DarkMoon: Open-Source AI Platform Automates Penetration Testing
The new open-source DarkMoon platform leverages AI agents to autonomously plan and execute penetration tests, aiming to reduce the time and cost of security assessments.

Penetration testing, traditionally a labor-intensive and costly endeavor, is undergoing a transformation with the advent of AI-driven automation. Manual engagements can span weeks, with expert consultants commanding high daily rates, and the quality of results can vary significantly between testers. To address these challenges, a growing number of projects are now entrusting security assessments to AI agents capable of independent planning and execution. DarkMoon, a newly released open-source platform, stands at the forefront of this movement, designed to conduct security assessments from start to finish and deliver comprehensive, evidence-backed reports.
DarkMoon distinguishes itself by separating its reasoning capabilities from its execution tools. At its core, an orchestrator named OpenCode interacts with a large language model (LLM) to formulate assessment plans. These plans are then delegated to a control layer built upon the Model Context Protocol (MCP). This MCP layer maintains an allow-list of approved security utilities, which are executed within isolated Docker containers. The platform comes pre-equipped with over fifty security tools, including popular options like Nuclei, sqlmap, BloodHound, and NetExec. Specialized sub-agents are available for distinct areas such as web applications, Active Directory, Kubernetes, and various network protocols.
The assessment process follows a structured sequence. Initially, DarkMoon discovers open ports and services, fingerprints the technology stack of the target environment, and models the attack surface. Subsequently, it dispatches sub-agents tailored to the identified technologies. A reactive feedback loop ensures that findings dynamically influence subsequent actions; for instance, the detection of a WordPress site early in the scan can trigger a dedicated CMS agent, while the later discovery of a GraphQL endpoint can prompt the engagement of a GraphQL-specific agent. The platform's coverage aligns with established security methodologies, including ISO 27001, NIST SP 800-115, and MITRE ATT&CK frameworks.
Crucially, the LLM within DarkMoon never executes arbitrary commands directly. All actions are routed through the MCP server, which enforces an explicit allow-list of authorized tools and workflows, as emphasized by Mehdi Boutayeb, the lead maintainer of DarkMoon. This design ensures that the AI's actions remain constrained and auditable, preventing unintended or malicious behavior. The scope of each assessment is defined by the user at the outset, specifying targets, domains, IP ranges, or applications. The orchestrator builds its understanding solely from assets within this authorized boundary and adheres to approved methodologies.
Cost is a significant consideration for users of automated security tools. Boutayeb estimates that a typical web application assessment using Anthropic's Claude Opus model incurs approximately ten dollars in API charges. Larger engagements, such as those involving Active Directory or multi-host infrastructures, naturally consume more resources due to the continuous reasoning and planning involved. DarkMoon supports a variety of LLM providers, including OpenAI, Anthropic, and OpenRouter, as well as local models via Ollama or llama.cpp. Boutayeb currently recommends Claude Opus for its balance of reasoning quality, planning stability, and long-context performance.
However, the choice of LLM can introduce complexities related to vendor safety systems. Recent Anthropic models incorporate classifiers that may interrupt or refuse offensive security tasks. DarkMoon's testing revealed that Claude Opus 4.8 encountered these limitations, while Claude Opus 4.6 completed assessments without interruption. The project advises operators to use Opus 4.6 for stability and mentions Anthropic’s Cyber Verification Program as an option for approved organizations. Smaller LLMs with fewer parameters are not yet supported for these autonomous runs.
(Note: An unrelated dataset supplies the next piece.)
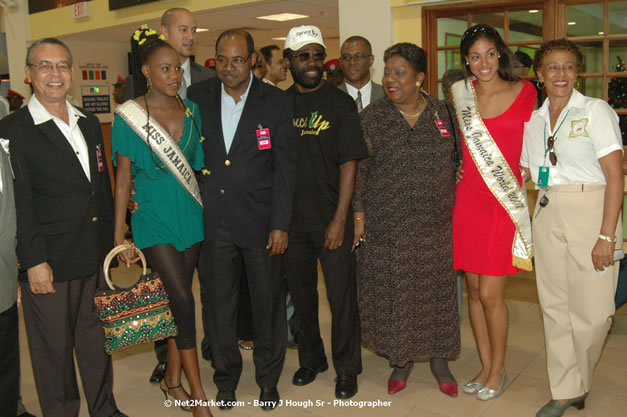 Minister of Tourism, Hon. Edmund Bartlett - Director of Tourism, Basil Smith, and Mayor of Montego Bay, Councillor Charles Sinclair Launch of Winter Tourism Season at Sangster International Airport, Saturday, December 15, 2007 - Sangster International Airport - MBJ Airports Limited, Montego Bay, Jamaica W.I. - Photographs by Net2Market.com - Barry J. Hough Sr, Photographer - Negril Travel Guide, Negril Jamaica WI - http://www.negriltravelguide.com - info@negriltravelguide.com...!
DarkMoon prioritizes findings that are strongly supported by evidence. Weak signals or ambiguous indicators are downgraded to 'Unconfirmed' status. Confirmed findings are accompanied by detailed evidence, including executed commands, raw outputs, HTTP request/response pairs, and execution traces. Boutayeb stresses that "the LLM is never treated as the source of truth. The evidence collected from the target environment remains the source of truth." This approach aims to maintain analyst validation, reduce manual triage efforts, and ensure that all conclusions are traceable and reproducible.
DarkMoon is freely available on GitHub, offering a powerful, cost-effective, and auditable solution for automating penetration testing. Its architecture emphasizes control, determinism, and evidence-based reporting, positioning it as a significant development in the evolving landscape of AI-powered cybersecurity tools.